Жизнь не легкая штука... Нельзя прожить ее, не впадая в прострацию или цинизм, если не иметь над собою большой идеи, которая поднимает над личной мизерней, над слабостью, всякого рода вероломством и глупостью...
Прочитал вчера роман V[ictor] Margueritte "Le Compagnon". Совсем слабый писатель; в его банальной прозе вовсе не чувствуешь великой школы французского романа. Радикальная тенденция поверхностна и сентиментальна. Этот радикализм - на подкладке феминизма - может быть, выглядел недурно в эпоху Луи Филиппа[150]. Сейчас он кажется вконец прокисшим Эротика романа смахивает на полицейский протокол.
Но все-таки роман Мар[еритта] бросает свет на личные и семейные отношения в известных, отнюдь не худших, буржуазных кругах Франции. "Герой" романа - социалист Автор упрекает своего героя в "буржуазном" отношении к женщине, вернее бы сказать - в рабовладельческом. Полемика в Populaire'a[151] насчет того, давать или не давать женщине избирательные права, действительно показывает, что и в рядах социалистов царит то же гнусное отношение к женщине, которое пронизывает законодательство и право страны.
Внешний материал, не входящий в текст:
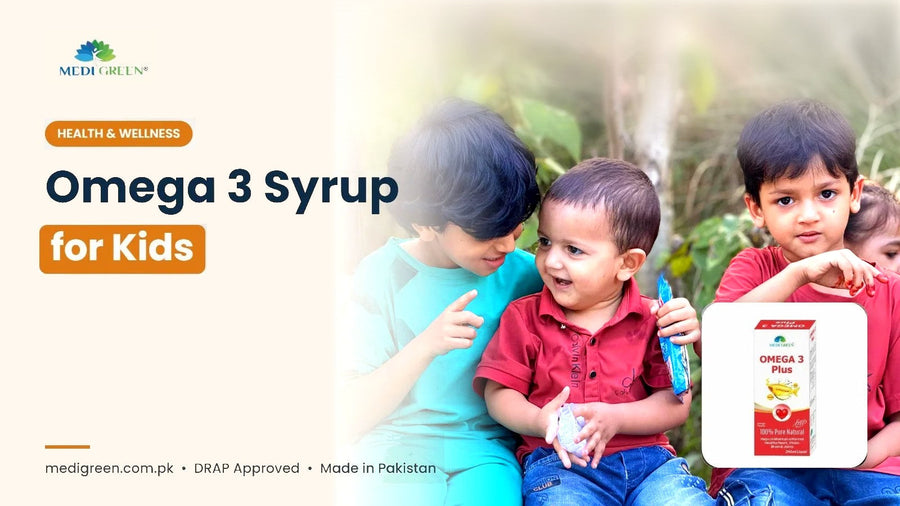 Omega 3 syrup for kids - Omega 3 Plus by MediGreen Pakistan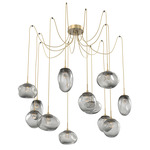 Cosmos Gem Swag Multi Light Pendant - Gilded Brass / Smoke Floret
Но и освободительные тенденции Map[еритта] не идут, в сущности, дальше самостоятельной чековой книжки для женщ[ины]. Если в нашей русской бескультурности много варварства, почти зоологии, то в старых буржуазных культурах страшные пласты окаменелой ограниченности, кристаллизованной жестокости, полированного цинизма... Какие еще понадобятся грандиозные потрясения, преобразования, усилия, чтобы средний человек, как личность, поднялся на более высокую ступень!
Погода та же: с неба падает холодная мрась. Сады в цвету. Урожай фруктов в этом году сильно пострадает.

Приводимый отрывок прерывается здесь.